The French Revolution and the Napoleonic wars which followed it provided a fillip to Italian nationalism and greatly contributed to the development of a sense of unity. On the one hand, the Italians were inspired by the French Revolutionary ideas and strongly resisted outside interference in their national life.
On the other hand, Napoleon Bonaparte promoted the idea of national unification by uniting various kingdoms of Italy and creating Republic of Italy. However, these achievements proved only temporary and soon after the fall of Napoleon, Italy were again divided into several small units and the successors of the old royal families were again seated on the thrones of these tiny kingdoms.
Some of these rulers deliberately ignored the interests of the people under them and acted in an autocratic manner. Lombardy and Venetia were annexed to the Austrian Empire. The smaller kingdoms of Tuscany, Parma and Modena were distributed among the princes or Austria. Victor Emmanual and Pope were seated on the thrones of Savoy and Rome respectively.
But the people of Italy who had been greatly inspired by the ideals of liberty, equality and fraternity of the French Revolution could not reconcile themselves to this situation.
This led to the formation of the Car-bonary, a secret society, for the liberation of Italy from the clutches of the foreigners. However, the various secret societies did not work in cooperation with each other. Despite this several rulers of Italy abandoned their autocratic rule and adopted liberal attitude towards the people.

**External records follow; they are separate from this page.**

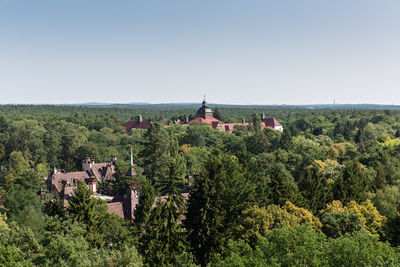 Plants and trees by building against clear sky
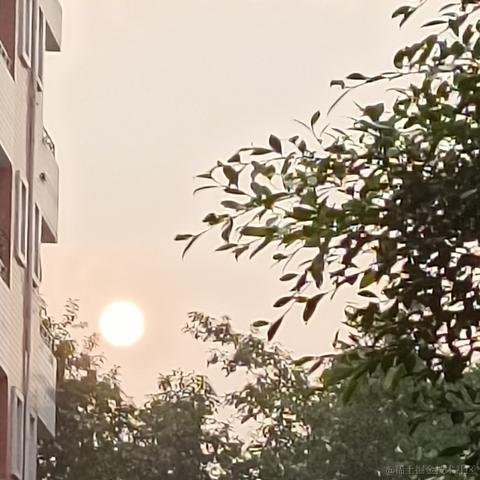 bk0717对你心动于2022-11-24 17:31发布的图片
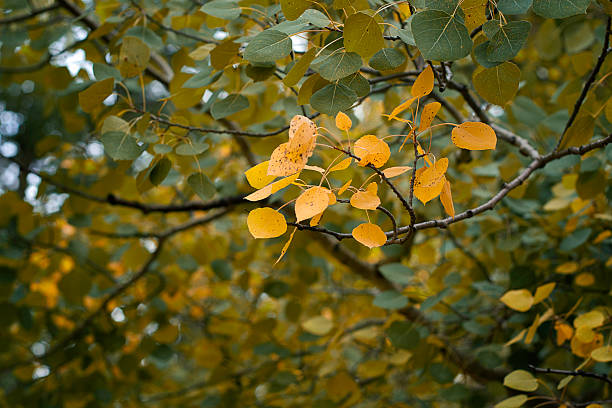 istock Golden Autumn Leaves 175178269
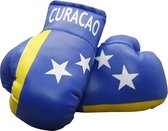 Mini Bokshandschoenen Curacao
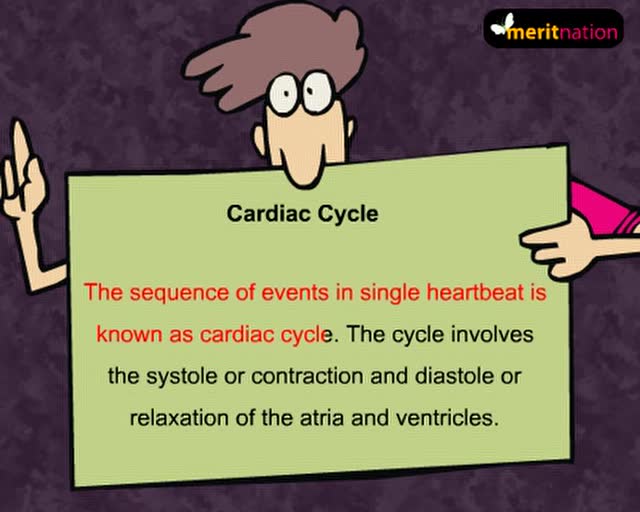 how your heart works - cardiac cycle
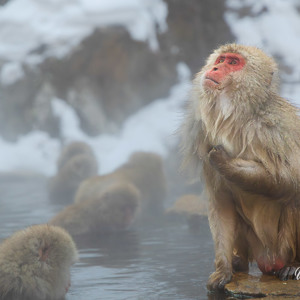 2026-02-14 - Power to the monkeys<br/>Jigokudani Monkey Park - Yamanouchi - Japan<br/>Canon EOS R5m2 - 95 mm - f/4.0, 1/800 sec, ISO 3200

The two rulers who took a lead in this regard were Ferdinand, the King of Naples and Victor Emmanual, the ruler of Piedmont. However, Mctternich was not happy with these developments and sent an army to Italy to check the growing liberalizing tendencies. He succeeded in checking the liberal doctrines with the help of Austrian armies.
In the wake of fresh revolutions in France in 1830 and 1848 there was a fresh bid on the part of the Italians to achieve liberation. The people of Tuscany, Piedmont, Parma, Modena and Naples met with considerable success.
However, on account of lack of necessary co-operation among the members of various secret societies, the Austrian armies succeeded in suppressing the revolts and autocratic rule was again clamped on Italy. As Hayes has observed “With the failure of the revolutions of 1948-49, Italy returned to her former condition of division into smaller states, arbitrary Governments and domination of Austria.”
It may be observed that the national movement during this period was divided into two parts-the moderates and the revolutionaries. The former represented the aristocracy and upper classes. They wanted to lead the Italian people towards national unity but did not want to give them any share in the control of the United States. They also did not want to deprive the Pope of his temporal power.
They wanted the ruler of Piedmont to provide a lead because he was Italian and free from influence. The revolutionaries or radicals on the other hand mainly hailed from middle classes and artisans. They wanted to bring about union of Italy through series of rebellions, simultaneously organized throughout the peninsula. They hoped that in the course of these rebellions the various states would merge themselves into a single whole.
They favoured Republican government on French model. They wanted to achieve all this under leadership of Mazzini. However, despite the divergence in the approach of the moderates and the republicans (revolutionaries) the two groups made a compromise and made a bid to achieve unity.